### WORK REQUEST:
Check each line of the listing for the word "page" and report the ones that have it.

### PROVIDED RECORDS:
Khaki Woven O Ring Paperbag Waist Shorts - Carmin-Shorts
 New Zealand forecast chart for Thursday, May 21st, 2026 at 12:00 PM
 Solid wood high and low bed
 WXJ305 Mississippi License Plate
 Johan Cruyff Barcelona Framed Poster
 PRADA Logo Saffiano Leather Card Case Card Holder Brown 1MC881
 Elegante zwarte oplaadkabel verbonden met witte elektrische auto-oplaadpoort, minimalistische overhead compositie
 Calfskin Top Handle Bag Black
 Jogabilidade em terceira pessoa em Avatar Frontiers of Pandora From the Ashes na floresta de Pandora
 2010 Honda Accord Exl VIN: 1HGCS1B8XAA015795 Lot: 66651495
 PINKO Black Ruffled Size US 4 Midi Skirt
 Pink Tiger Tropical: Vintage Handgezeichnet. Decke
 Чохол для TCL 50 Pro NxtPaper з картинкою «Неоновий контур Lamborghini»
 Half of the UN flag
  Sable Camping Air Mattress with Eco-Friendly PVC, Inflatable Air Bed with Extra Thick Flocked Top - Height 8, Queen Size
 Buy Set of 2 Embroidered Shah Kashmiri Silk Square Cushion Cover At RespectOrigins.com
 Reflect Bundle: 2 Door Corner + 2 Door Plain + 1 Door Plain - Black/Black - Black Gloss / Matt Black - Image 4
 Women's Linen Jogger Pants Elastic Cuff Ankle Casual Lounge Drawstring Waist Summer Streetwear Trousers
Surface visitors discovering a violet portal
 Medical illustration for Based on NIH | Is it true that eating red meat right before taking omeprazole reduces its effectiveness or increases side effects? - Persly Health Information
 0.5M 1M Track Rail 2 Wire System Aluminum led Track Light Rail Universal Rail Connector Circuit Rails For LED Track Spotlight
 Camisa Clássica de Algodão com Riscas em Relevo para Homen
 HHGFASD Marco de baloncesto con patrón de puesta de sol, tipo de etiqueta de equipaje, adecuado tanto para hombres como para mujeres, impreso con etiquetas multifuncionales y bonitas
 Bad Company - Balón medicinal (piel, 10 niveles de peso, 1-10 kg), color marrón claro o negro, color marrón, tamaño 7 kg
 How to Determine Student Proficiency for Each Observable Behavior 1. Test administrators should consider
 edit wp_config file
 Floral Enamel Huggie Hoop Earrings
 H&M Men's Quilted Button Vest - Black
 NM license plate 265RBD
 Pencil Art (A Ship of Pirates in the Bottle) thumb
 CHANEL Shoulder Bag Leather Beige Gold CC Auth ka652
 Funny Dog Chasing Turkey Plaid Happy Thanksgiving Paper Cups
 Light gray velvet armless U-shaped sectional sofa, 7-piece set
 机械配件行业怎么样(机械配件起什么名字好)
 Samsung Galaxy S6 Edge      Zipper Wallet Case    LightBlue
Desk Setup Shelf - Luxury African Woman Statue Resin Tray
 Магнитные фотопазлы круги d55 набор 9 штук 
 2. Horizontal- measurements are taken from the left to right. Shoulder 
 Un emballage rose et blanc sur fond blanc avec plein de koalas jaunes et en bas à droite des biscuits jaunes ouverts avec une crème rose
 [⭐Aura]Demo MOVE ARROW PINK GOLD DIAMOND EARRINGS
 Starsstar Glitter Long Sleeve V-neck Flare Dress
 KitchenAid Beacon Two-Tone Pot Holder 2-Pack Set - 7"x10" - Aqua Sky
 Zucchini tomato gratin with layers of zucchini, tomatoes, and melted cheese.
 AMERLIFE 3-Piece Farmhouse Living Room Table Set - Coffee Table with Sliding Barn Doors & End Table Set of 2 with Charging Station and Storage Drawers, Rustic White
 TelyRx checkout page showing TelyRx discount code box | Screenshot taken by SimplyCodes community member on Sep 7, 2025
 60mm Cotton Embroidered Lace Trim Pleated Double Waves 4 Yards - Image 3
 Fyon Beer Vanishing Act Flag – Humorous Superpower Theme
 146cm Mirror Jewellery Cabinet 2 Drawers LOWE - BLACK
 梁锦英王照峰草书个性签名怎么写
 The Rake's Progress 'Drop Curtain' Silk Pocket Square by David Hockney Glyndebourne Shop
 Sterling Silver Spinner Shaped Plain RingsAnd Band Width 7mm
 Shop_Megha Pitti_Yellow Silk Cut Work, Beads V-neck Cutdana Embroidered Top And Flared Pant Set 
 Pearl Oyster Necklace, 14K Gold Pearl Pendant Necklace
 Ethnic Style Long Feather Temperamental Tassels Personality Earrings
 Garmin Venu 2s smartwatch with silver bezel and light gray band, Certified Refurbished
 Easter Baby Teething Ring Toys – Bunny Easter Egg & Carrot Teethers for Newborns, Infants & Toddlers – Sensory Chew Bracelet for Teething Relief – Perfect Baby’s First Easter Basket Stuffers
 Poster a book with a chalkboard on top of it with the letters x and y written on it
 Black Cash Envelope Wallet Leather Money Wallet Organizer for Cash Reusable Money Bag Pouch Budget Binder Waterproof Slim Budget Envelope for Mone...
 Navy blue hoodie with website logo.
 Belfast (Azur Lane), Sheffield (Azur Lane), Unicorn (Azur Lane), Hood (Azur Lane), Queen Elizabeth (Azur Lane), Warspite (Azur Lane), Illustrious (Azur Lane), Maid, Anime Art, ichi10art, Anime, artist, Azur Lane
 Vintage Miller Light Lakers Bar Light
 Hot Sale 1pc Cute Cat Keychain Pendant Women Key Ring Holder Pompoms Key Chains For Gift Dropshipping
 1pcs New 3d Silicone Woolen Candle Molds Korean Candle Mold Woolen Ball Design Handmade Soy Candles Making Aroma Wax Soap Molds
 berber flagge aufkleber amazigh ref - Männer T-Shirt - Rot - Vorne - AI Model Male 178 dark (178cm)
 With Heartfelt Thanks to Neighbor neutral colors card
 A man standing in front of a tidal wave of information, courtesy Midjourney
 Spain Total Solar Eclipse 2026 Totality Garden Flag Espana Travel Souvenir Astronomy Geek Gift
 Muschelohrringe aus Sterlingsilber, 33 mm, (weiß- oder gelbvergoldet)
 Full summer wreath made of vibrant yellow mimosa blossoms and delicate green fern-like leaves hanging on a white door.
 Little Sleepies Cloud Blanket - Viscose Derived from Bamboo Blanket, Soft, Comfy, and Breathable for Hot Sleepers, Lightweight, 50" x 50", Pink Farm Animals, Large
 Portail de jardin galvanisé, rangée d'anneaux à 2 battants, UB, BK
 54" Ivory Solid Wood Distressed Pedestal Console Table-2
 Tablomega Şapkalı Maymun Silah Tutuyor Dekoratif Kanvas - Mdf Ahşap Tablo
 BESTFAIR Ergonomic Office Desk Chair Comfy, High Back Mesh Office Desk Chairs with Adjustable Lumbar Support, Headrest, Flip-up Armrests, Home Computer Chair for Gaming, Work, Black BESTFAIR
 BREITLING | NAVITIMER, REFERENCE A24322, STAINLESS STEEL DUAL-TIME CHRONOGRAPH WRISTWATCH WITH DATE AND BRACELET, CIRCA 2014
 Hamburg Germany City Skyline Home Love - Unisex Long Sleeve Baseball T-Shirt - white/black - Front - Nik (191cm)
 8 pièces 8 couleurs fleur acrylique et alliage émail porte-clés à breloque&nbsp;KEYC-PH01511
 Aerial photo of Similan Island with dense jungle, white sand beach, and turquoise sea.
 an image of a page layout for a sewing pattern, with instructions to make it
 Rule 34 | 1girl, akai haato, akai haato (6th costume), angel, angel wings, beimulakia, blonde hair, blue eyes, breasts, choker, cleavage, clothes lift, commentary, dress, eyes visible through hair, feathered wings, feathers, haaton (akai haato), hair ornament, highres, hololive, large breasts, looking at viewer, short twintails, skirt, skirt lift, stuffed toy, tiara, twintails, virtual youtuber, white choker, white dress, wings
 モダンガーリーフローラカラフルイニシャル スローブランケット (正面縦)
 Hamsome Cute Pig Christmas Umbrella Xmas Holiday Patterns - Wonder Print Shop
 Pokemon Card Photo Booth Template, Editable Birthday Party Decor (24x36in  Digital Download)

### TASK SOLUTION:
 TelyRx checkout page showing TelyRx discount code box | Screenshot taken by SimplyCodes community member on Sep 7, 2025
 an image of a page layout for a sewing pattern, with instructions to make it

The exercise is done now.